Brief Summary:
Students have experienced difficulty learning mathematics due to a lack of understanding of the math language. In the given article by Schleppegrell (2007), the Author discussed the many linguistic challenges that hinder the process of learning mathematics with better understanding. She also proposed some pedagogical practices to deal with such challenges for an effective teaching-learning process in mathematics. As every subject area has its own way of using language, mathematics also has its technical language to use with proper knowledge of grammatical structures for understanding it. Author also highlighted the linguistic challenges given by Halliday (1978) under his proposal for "Mathematics Register". In the mathematical register, it has pointed out the idea of using technical math language by translating the informal everyday languages to serve the new functions in math context. The linguistic issues can be viewed through the features involved in the classroom mathematics register that broadly includes 'Multiple semiotic systems' and 'Grammatical patterns' which are imperative to understand for solving math problems.
Multiple semiotic systems include math symbols, oral languages while conversations regarding math problems, written language, graphs, and visual displays (p.141) which are important factors to understand the technical use of math language where ordinary language could not make sense to solve math problems. Grammatical patterns include technical vocabulary, dense noun phrases, being and having verbs, conjunctions with technical meanings, and implicit logical relationships (p.141) affect the understanding of using technical math language in the classrooms. It is interesting to note that linguistic issues are beyond the focus on vocabulary or specialized terminology which addresses the different use of patterns of languages in mathematical reasoning.
The author also suggests some pedagogical practices for the teachers to support the development of 'Math Register' and mathematical knowledge among children. Teachers can use technical language in math classrooms even during casual interactions with students. Teachers must do verbal explanations of math problems which could give students a sense of the process to solve them. Teachers could encourage the habits of expressions among the students to explain their process explicitly. Teachers can introduce mathematical terms by relating with meaning-making terms in everyday life.
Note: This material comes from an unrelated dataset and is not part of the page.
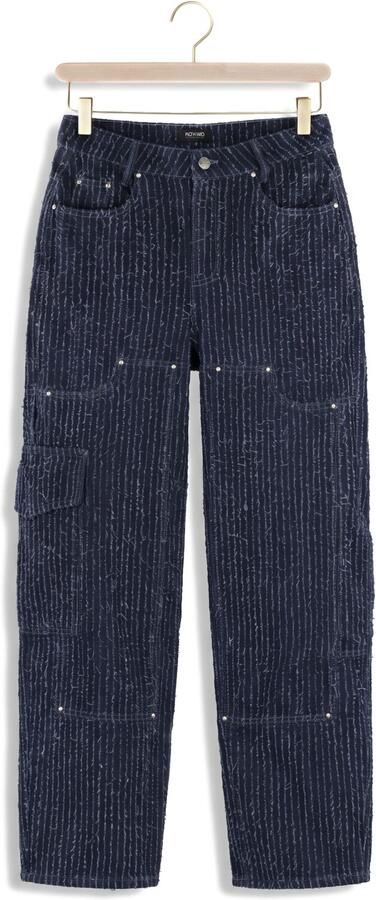 REFINED DEPARTMENT Dames Jeans Ladies Woven Structure Denim Balloon Jeans Coco Blauw - Foto 4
Teachers can give an outline to think over the given math problem for descriptive results. It is important to receive feedback to recognize the level of knowing mathematics in the given context. "Revoicing" by teachers is the key to making students interactive with their intuitive technical language of mathematics as it focuses on meanings rather than forms.
Important points to discuss:
"The notion of a mathematics register and recognition of the role of language in mathematics learning and teaching cast doubt on the common wisdom that suggests that mathematics is the least language-dependent subject"(p.155). Even in my teaching experience, most of the students and parents have this concept in their fixed mind-set that mathematics is all about to cram formulae and apply to given questions to find its solution. Because of such thinking, many students could not give their best in word-problems, geometry, trigonometry which involves more knowledge of math language to do the process.
Secondly, It is crucial to use technical math language in the classroom and explain its correct grammatical use for maximum understanding in math context. It is indispensable to understand the various English words that have different meanings in math as compared to ordinary language in everyday life. For instance, in trigonometry, elevation and depression for 'angle of elevation' and 'angle of depression' have different meanings in math language as compared to ordinary meanings in english language.
Proposed question:
As per this article, if it is important for the students to suggest some steps to solve math problems for descriptive explanations for their thinking expressions, then where can we as teachers enhance their creative thinking in our math classes?
Thank you for sharing your summary, stops and wonders, Sukh! I feel very strongly about your teaching experience when facing students and parents, as some of them think mathematics is about illogical formulas and theories. How can we as teachers enhance their creative thinking in our math classes? The first strategy that comes to my mind is giving students open-ended problems where multiple solutions are possible, allowing students to experience mathematical creativity. Sometimes I notice that when I give responses to students’ answers or problems, my response was guiding and may have influenced their answer.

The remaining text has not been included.